### What you need to do
Return exactly those lines of the material below that fall between the line holding "3 Cliff St, Nahant MA 01908" and the line holding "Ratna Destiarini, S.Pd", inclusive.
------------------------------
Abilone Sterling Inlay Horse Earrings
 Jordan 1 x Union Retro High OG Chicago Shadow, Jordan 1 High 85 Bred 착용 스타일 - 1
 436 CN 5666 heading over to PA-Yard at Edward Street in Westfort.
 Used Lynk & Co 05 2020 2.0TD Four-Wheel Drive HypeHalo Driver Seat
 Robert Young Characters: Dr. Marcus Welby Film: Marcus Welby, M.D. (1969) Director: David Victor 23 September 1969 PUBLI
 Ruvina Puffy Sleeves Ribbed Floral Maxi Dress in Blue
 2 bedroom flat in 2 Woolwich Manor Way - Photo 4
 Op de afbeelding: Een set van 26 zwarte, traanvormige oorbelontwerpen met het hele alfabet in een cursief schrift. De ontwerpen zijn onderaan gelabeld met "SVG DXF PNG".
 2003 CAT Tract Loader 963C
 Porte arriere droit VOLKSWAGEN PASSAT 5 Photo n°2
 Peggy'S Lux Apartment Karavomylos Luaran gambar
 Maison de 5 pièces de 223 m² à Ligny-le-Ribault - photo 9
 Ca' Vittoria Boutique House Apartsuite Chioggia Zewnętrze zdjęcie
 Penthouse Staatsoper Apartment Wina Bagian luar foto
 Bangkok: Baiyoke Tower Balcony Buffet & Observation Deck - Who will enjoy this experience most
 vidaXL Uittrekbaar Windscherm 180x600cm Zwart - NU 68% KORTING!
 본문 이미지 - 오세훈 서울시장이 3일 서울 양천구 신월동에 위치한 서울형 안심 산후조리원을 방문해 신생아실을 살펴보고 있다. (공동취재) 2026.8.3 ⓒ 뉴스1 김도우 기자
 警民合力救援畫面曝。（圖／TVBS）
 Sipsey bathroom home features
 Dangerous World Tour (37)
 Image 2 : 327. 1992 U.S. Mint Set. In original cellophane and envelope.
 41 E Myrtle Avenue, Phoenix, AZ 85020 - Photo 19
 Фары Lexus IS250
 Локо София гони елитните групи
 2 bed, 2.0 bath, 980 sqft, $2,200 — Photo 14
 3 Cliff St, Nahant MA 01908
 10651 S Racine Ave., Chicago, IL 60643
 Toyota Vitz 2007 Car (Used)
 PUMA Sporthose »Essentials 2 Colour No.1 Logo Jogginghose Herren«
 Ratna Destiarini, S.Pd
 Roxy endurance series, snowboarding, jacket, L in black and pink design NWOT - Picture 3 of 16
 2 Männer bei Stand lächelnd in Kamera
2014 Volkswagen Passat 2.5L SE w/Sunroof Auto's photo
------------------------------
### Written response
 3 Cliff St, Nahant MA 01908
 10651 S Racine Ave., Chicago, IL 60643
 Toyota Vitz 2007 Car (Used)
 PUMA Sporthose »Essentials 2 Colour No.1 Logo Jogginghose Herren«
 Ratna Destiarini, S.Pd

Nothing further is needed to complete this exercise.